GERMANY: Nobel Goettingen
The little university town of Goettingen in Hanover is quiet, sleepy and very pleasant. There are drowsy promenades shaded by lime trees. There are old moss-carpeted ramparts. There are book shops and crooked cobbled streets.
But activity is no stranger to Goettingen. There were active times in the 18th century when the university was a centre of young stormy poets, and in the 19th when seven professors were expelled because they were too liberal.
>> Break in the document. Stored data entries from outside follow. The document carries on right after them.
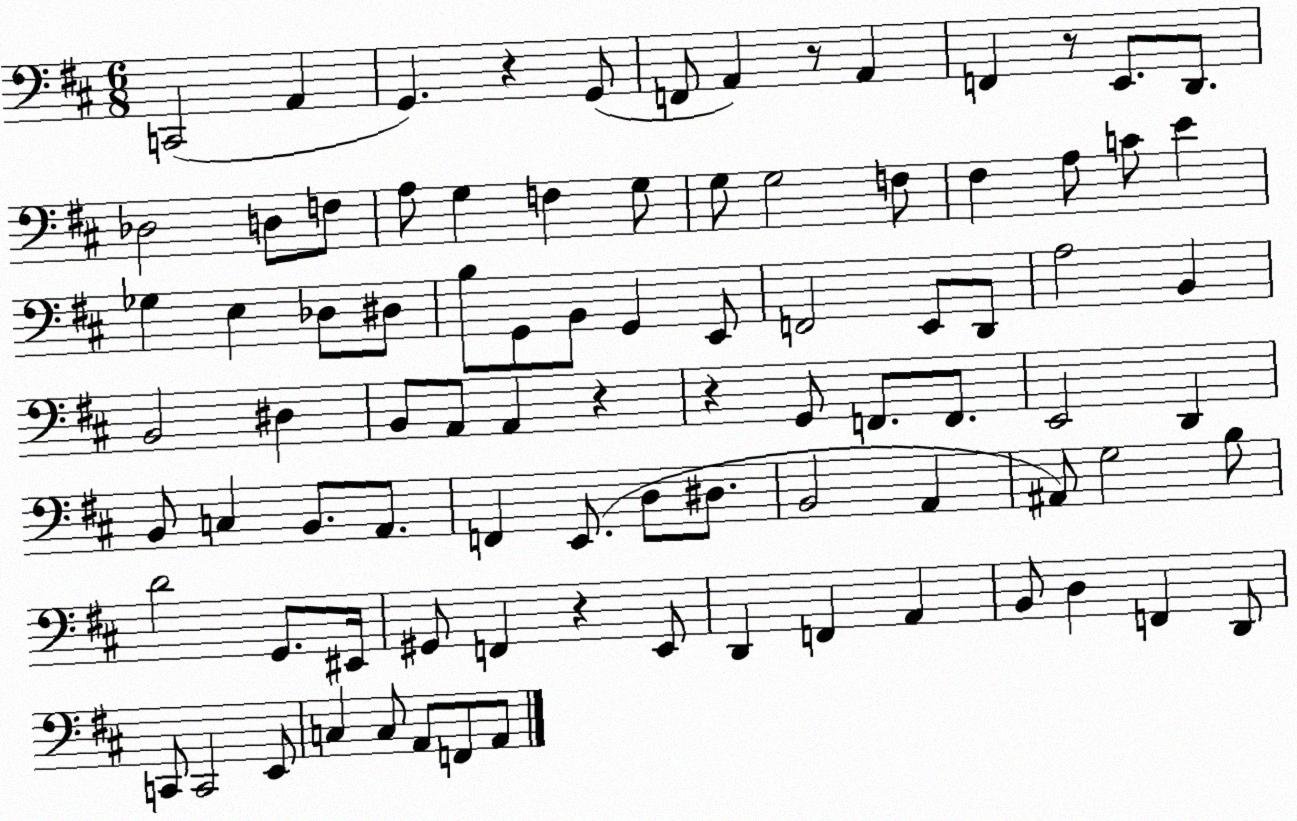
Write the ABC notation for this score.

X:1
T:Untitled
M:6/8
L:1/4
K:D
C,,2 A,, G,, z G,,/2 F,,/2 A,, z/2 A,, F,, z/2 E,,/2 D,,/2 _D,2 D,/2 F,/2 A,/2 G, F, G,/2 G,/2 G,2 F,/2 ^F, A,/2 C/2 E _G, E, _D,/2 ^D,/2 B,/2 G,,/2 B,,/2 G,, E,,/2 F,,2 E,,/2 D,,/2 A,2 B,, B,,2 ^D, B,,/2 A,,/2 A,, z z G,,/2 F,,/2 F,,/2 E,,2 D,, B,,/2 C, B,,/2 A,,/2 F,, E,,/2 D,/2 ^D,/2 B,,2 A,, ^A,,/2 G,2 B,/2 D2 G,,/2 ^E,,/4 ^G,,/2 F,, z E,,/2 D,, F,, A,, B,,/2 D, F,, D,,/2 C,,/2 C,,2 E,,/2 C, C,/2 A,,/2 F,,/2 A,,/2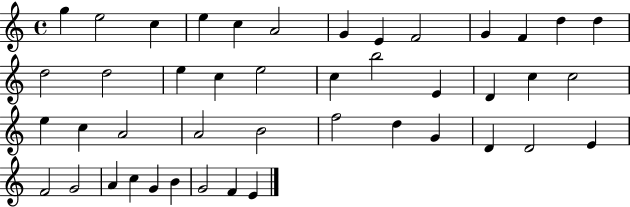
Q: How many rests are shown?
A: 0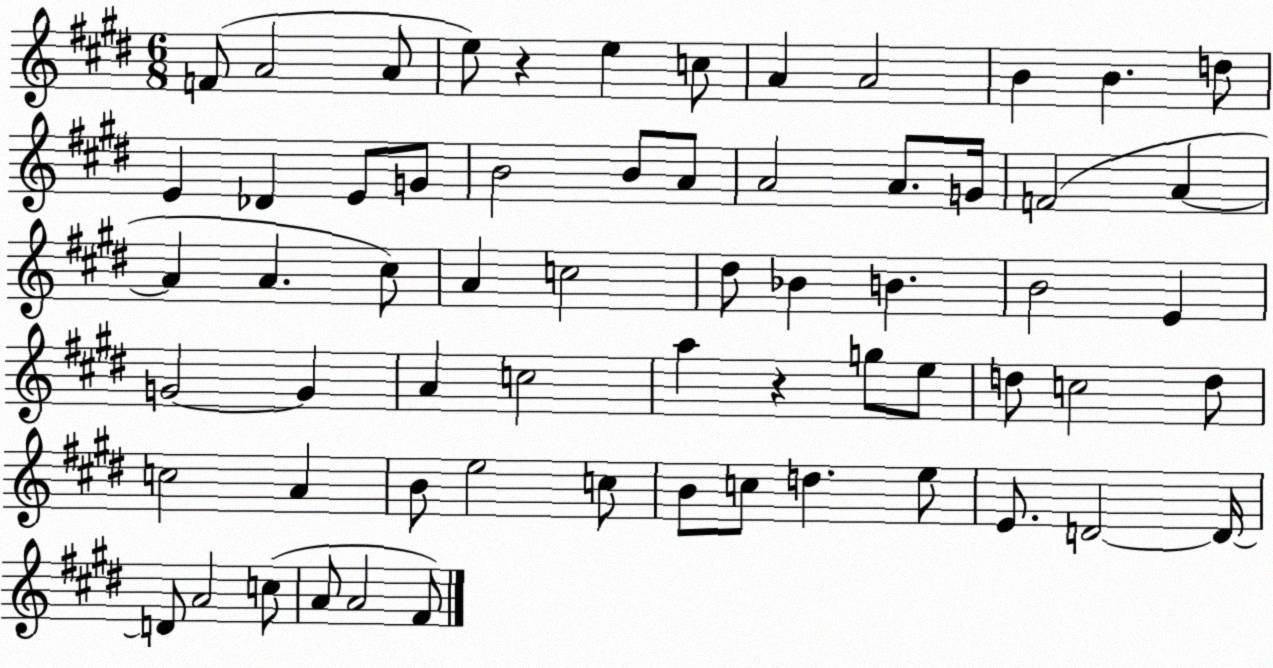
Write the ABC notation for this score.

X:1
T:Untitled
M:6/8
L:1/4
K:E
F/2 A2 A/2 e/2 z e c/2 A A2 B B d/2 E _D E/2 G/2 B2 B/2 A/2 A2 A/2 G/4 F2 A A A ^c/2 A c2 ^d/2 _B B B2 E G2 G A c2 a z g/2 e/2 d/2 c2 d/2 c2 A B/2 e2 c/2 B/2 c/2 d e/2 E/2 D2 D/4 D/2 A2 c/2 A/2 A2 ^F/2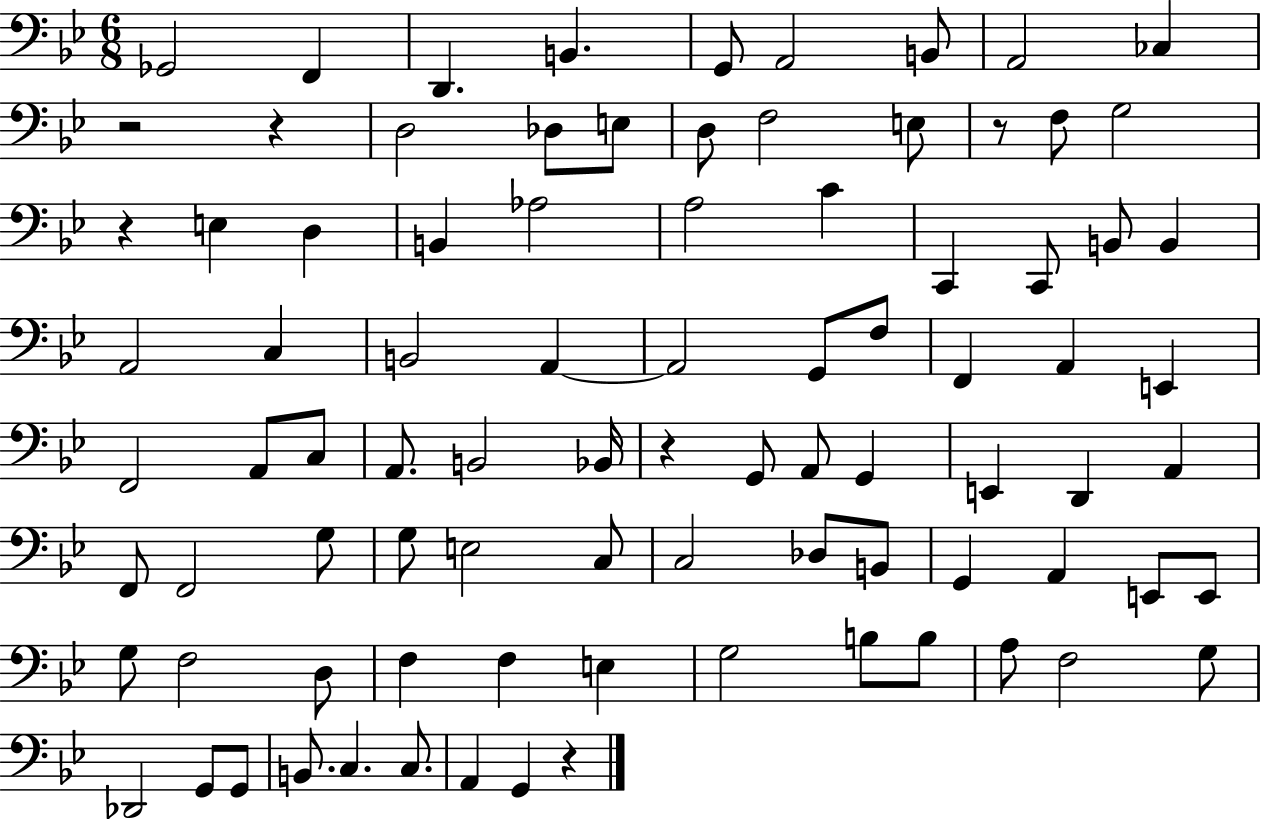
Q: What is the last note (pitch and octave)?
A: G2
Last week, in Goettingen there was again activity, rejoicing. Professor Adolph Windaus of the University was notified that he had won the 1928 Nobel prize for chemistry. Achievement: explanation of the nature of the provitamine, from which is derived Vitamine D, useful in curing rickets. Thus he became the second resident of Goettingen to be so honored. The other, Dr. Professor Richard Szigmondy, won the 1925 Nobel chemistry prize. The 1927 prize for chemistry was awarded to University of Munich's professor Heinrich Wieland.
The 1928 prize for literature went to Norwegian Novelist Mme. Sigrid Undset. Achievements: early, realistic novels about erotic shopgirls; and, later, masterpieces of medieval grandeur.
The 1927 prize, held over from last year, went to French Philosopher & Author Henri Bergson. Philosopher Bergson, bedridden, in Paris, remarked "I am greatly honored.'' Achievement: akinetic system of philosophy which rejects all generalizations except the concept that reality is neither more nor less than the incessant evolutions of thought-time.